- Born: November 15, 1953 (age 72) Khumjung, Nepal
- Organization: Asian Trekking Pvt. Ltd.

= Ang Tshering Sherpa (mountaineer) =

Nepali mountaineer

Ang Tshering Sherpa (born 15 November 1953) is a Nepalese mountaineer, who belongs to the Sherpa ethnic group and is president of the Nepal Mountaineering Association and Honorary Consul of Belgium.

Ang Thesring Sherpa grew up in Khumjung, a village in the Everest area between Namche Bazar and Tengboche. He was one of the first graduates of a local school founded by Sir Edmund Hillary.

He started working as a porter in mountain tourism in the early 70s. In 1982 he founded Asian Trekking Pvt. Ltd., one of the largest trekking and expedition agencies in Nepal and Tibet. Sherpa studied MBBS for three years at Darbhanga Medical College.

Sherpa is also the founder of now-defunct Asian Airlines and Skyline Airways.

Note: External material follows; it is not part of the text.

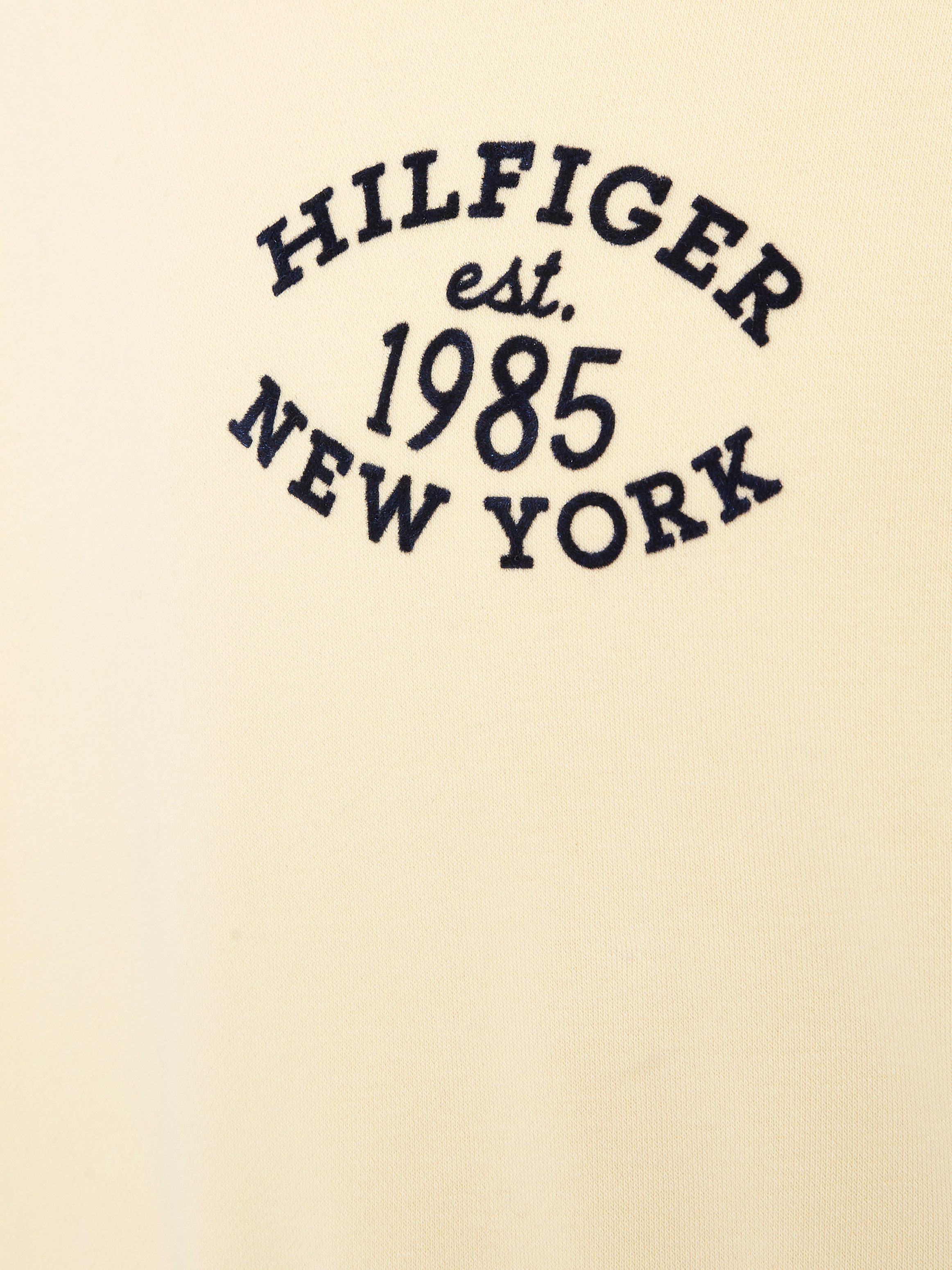 Tommy Hilfiger Hoodie MONOTYPE FLOCK HOODIE Kinderen tot 16 jaar met logo-opdruk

Since 1990, he has been on the Central Executive Board of the Nepal Mountaineering Association. From 2002 to 2011 he was president for three terms and now serves as the Immediate Past President. In addition, he is President of the Union of Asian Alpine Associations. In these functions he has been strongly committed to environmental protection and warns of the changes and dangers in the Himalayas caused by climate change.

In 2012, Sherpa was added to the list of Honorary Members of the Union Internationale des Associations d'Alpinisme.

He is married to a Belgian who heads the Belgian Consulate in Kathmandu. Ang Tshering Sherpa was appointed Honorary Consul of Belgium. He is general representative of the mountain association of China and Tibet.